- Niyazi Erdoğan markasını nasıl tarif edersiniz?
- Genç, sokak modasına uygun ama giyenlerin kendi yaratıcılıklarını sergileyebileceği bir marka. Giyenler kendi stilleriyle birleştirsin istiyorum çünkü benim için önemli olan ürün değil, stil. Ben onlara Lego parçaları vereyim, onlar stilleriyle birleştirsin. Bankacısı olsun, bilişimcisi olsun, mesleğinin içinde de yaratıcılığını sergileyebilsin. Kişiselleştirdikleri kaçışları olsun. Ve tabii benden de izler taşıyan bir marka.

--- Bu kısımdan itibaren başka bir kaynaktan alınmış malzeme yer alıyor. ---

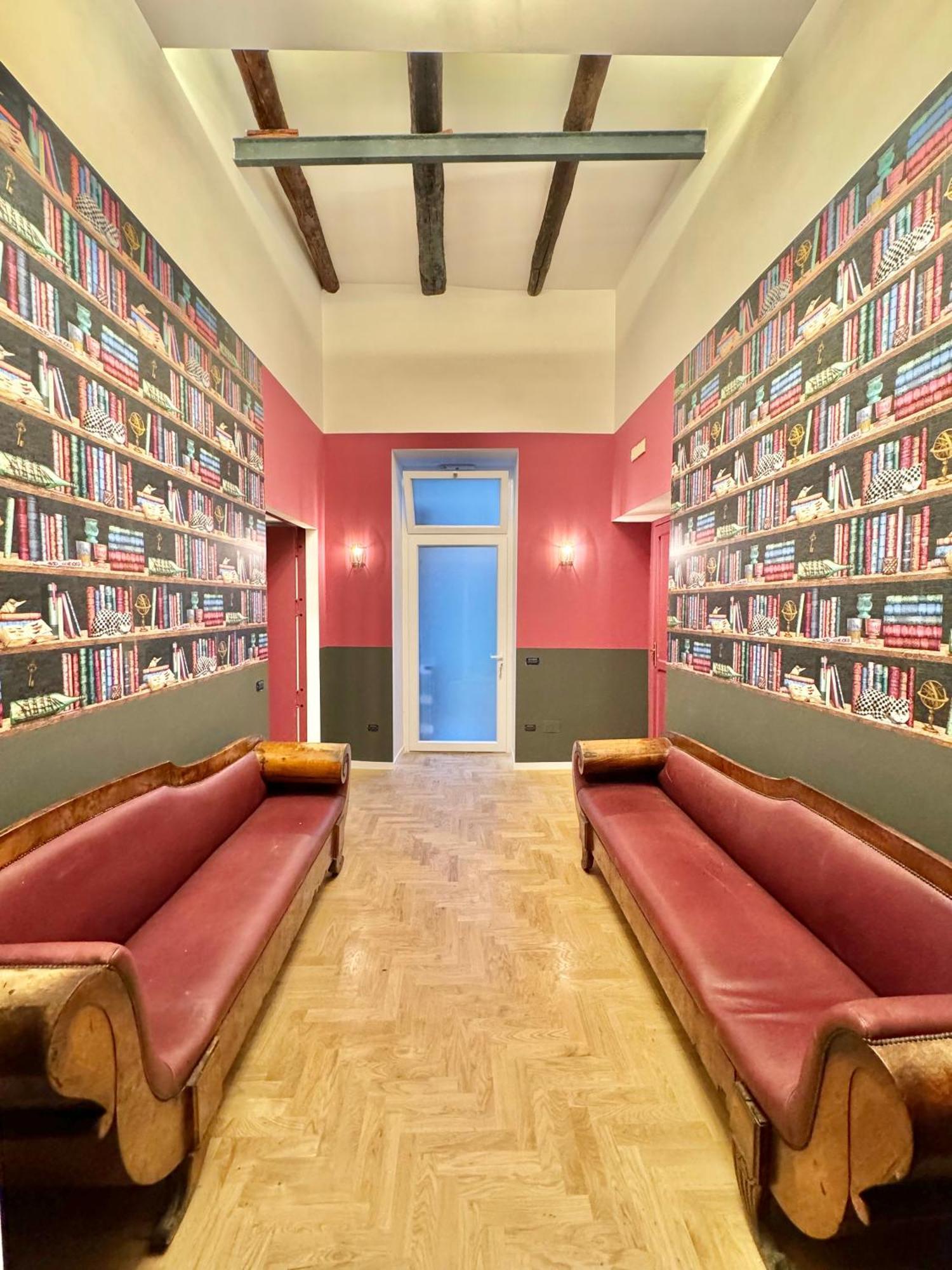Alma De Chiaja - Design Suites & Apartments Napoli Bagian luar foto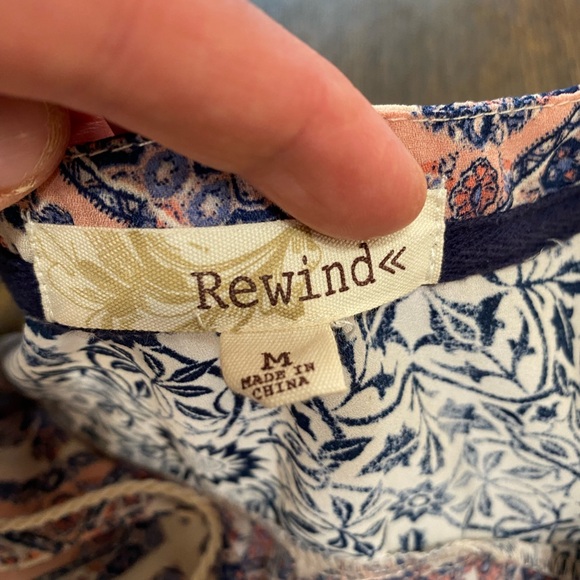 2 for $20 ⚜️Rewind Sleeveless Fractal Tunic Top with Beaded Tassels Size Medium - Picture 3 of 3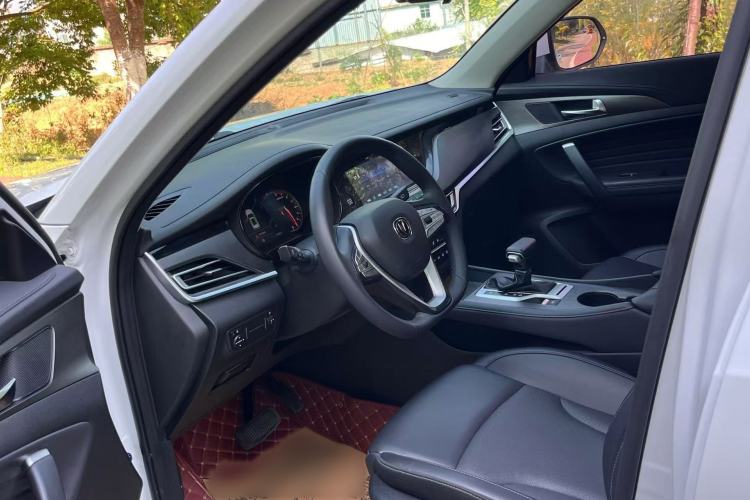 Used CHANGAN CS35PLUS 2021 Honor Million Edition 1.6L CVT Luxury Model Interior 1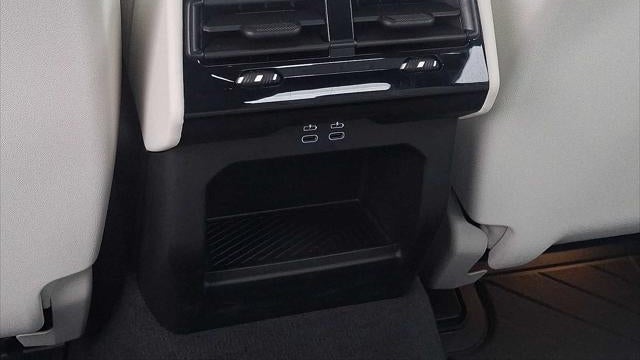 2025 BMW 5 Series 530i xDrive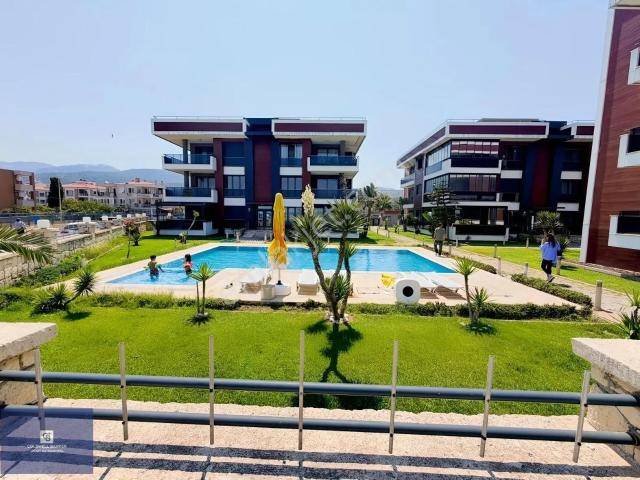 Güzelbahçe, İzmir içerisinde satılık mülk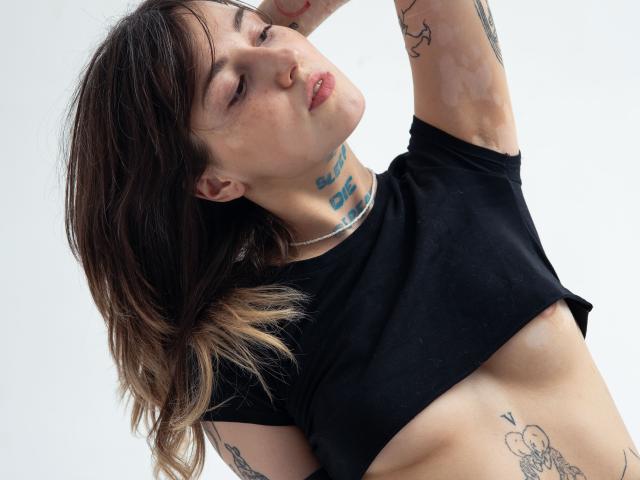 MaisyGilbert - Live sex cam - 17266374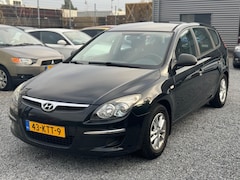 Hyundai i30 CW - 1.4i Blue Active Airco Elektrische Ramen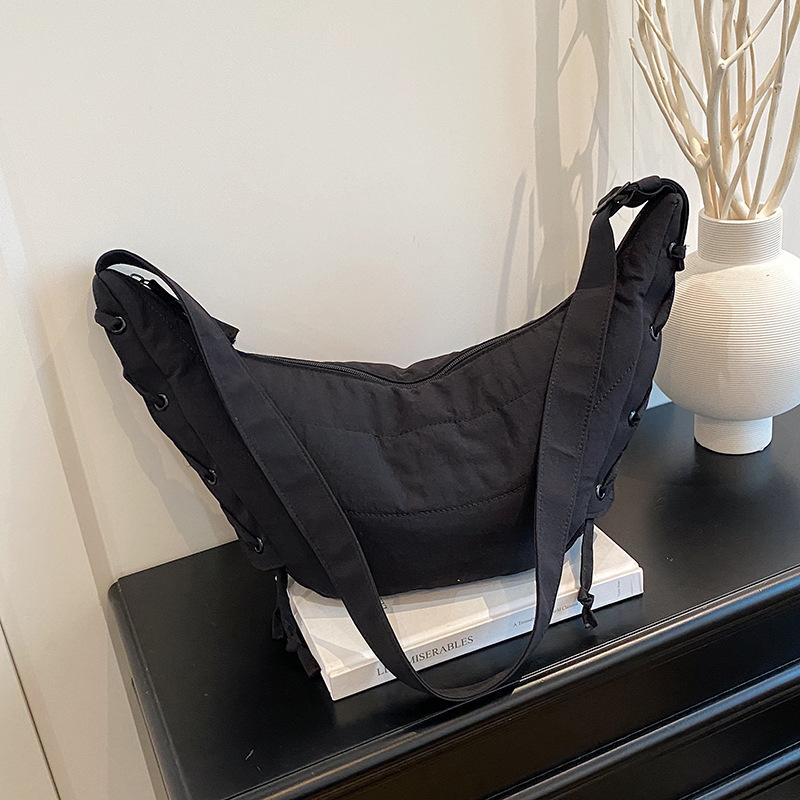 Fashion trend dumpling bag casual texture autumn and winter new large-capacity bag 2025 women's shoulder messenger bag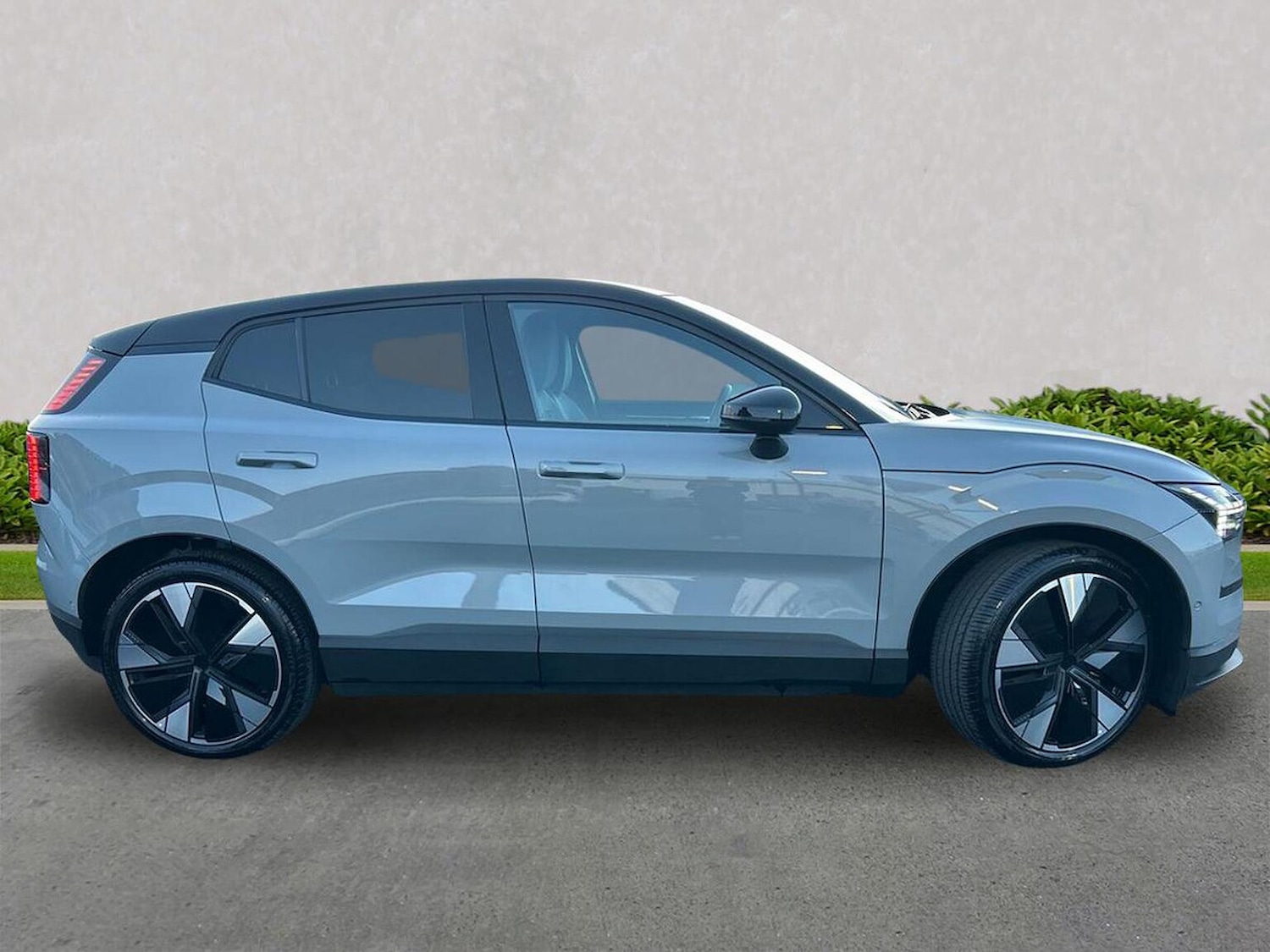 Used Volvo EX30 2025 for sale - 77489660: Photo 3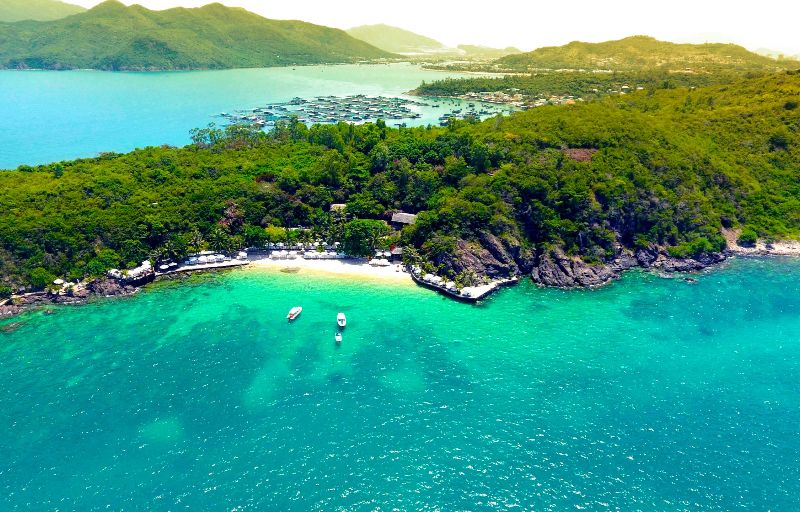 How to get to Hon Tam Island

- İlham kaynaklarınız neler?
- Artık erkekler hep aynı şekilde giyiniyor. Dar pantolon üzerine bir şey, trençkot, gözlükler, saçlar; aynı. 'Bunun dışında nasıl bir kalıp önerebilirim?' diye düşündüm. Şu aralar 1950'ler ve 60'lar ilgimi çekiyor. Dünyada da 50'lere dönüş var. Çıkış noktam, piksel. 'Ürün tek başına önemli değilse, imajın en küçük birimi pikseldir,' dedim. İkinci koleksiyonumda pikselden bütüne doğru gittim. Bilişim teknolojilerinin başlaması, 2. Dünya Savaşı sonrasına denk geliyor. O zamanki erkeklerin giyim anlayışından esinlendim. Savaştan çıkan erkeklerin stili farklıdır çünkü. Askerde çok şey taşıdıkları için az detay severler. Daha sofistike ve temizdir. Bu koleksiyon da öyle oldu.